躯体だけが残った図書館のBM車庫にうず高く積み上げられた図書類の山を掘りくずし、残すべきものを選別するという作業で、岩手県立図書館、岩手5大学のきずなプロジェクトのメンバーに多摩デポの5人が加わり、3日間でのべ48人が参加した。
白い防塵服に身を包み、マスク、防塵メガネ、防塵キャップ姿、それでも喉はいがらっぽく、目もショボショボ、手袋も防塵服も泥と埃にまみれての作業だった。特に3日目は資料を吹き飛ばすほどの強風で、この地の冬の厳しさを実感させられた。
最年長の私は、作業にも配慮していただいて主にリスト書きを担当したので肉体労働は少なかったが、うず高い本の山を掘り起こす作業もしっかり経験させてもらった。山の外側の資料の乾き具合や、内側のものがだんだん湿気を帯びてカビも発生、果ては完全に土の塊、ブロック状態になったものまで、この目で確かめることができた。図書館以外の人にとっては確かに「ゴミ」としかみえないだろうなと思いつつ、これは!というものを掘り起こし、少しでも乾燥させるため図書館の1階部分に広げて並べていく。岩手県立図書館の方々には、資料の選別に際して残すべきかどうか適切な判断をしていただきありがたかった。
掘り起こされた資料の土や砂を払いつつリストに記入していく。歴史的な郷土資料は当然のことながら、老人会や商工会婦人部などの記録、学校の記録など、この地域の人が、たしかにここで生活していた「あかし」が救い出されたことに、とても大きな意味を感じ、図書館は地域の「記憶」をきちんと残すところ、ということを改めて実感した。

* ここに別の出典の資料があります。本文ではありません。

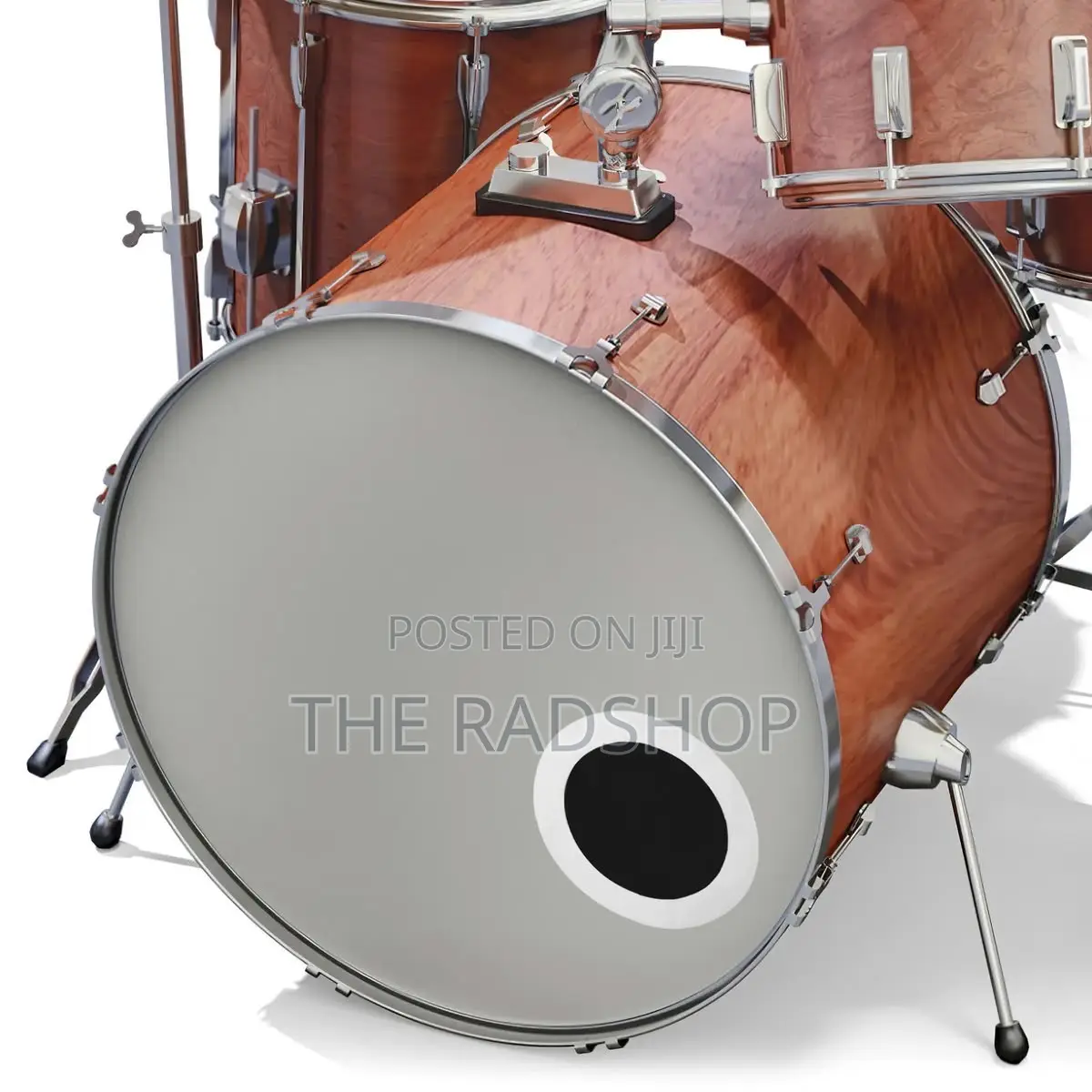 Bass/Kick Drums Mutter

今回保全した資料(約400冊)は、陸前高田市立図書館の失われた資料群の回復及び蔵書の再構築をはかる取組みにつなげるため、岩手県立図書館で修復または復元のための適切な方法を検討することになると聞いている。その第1段階がようやく終わっただけで、これからまだまだ先の長い作業だ。東京でこのような災害に見舞われたら・・・ということにも思いを馳せつつ、これから何ができるか考えていきたいと思っている。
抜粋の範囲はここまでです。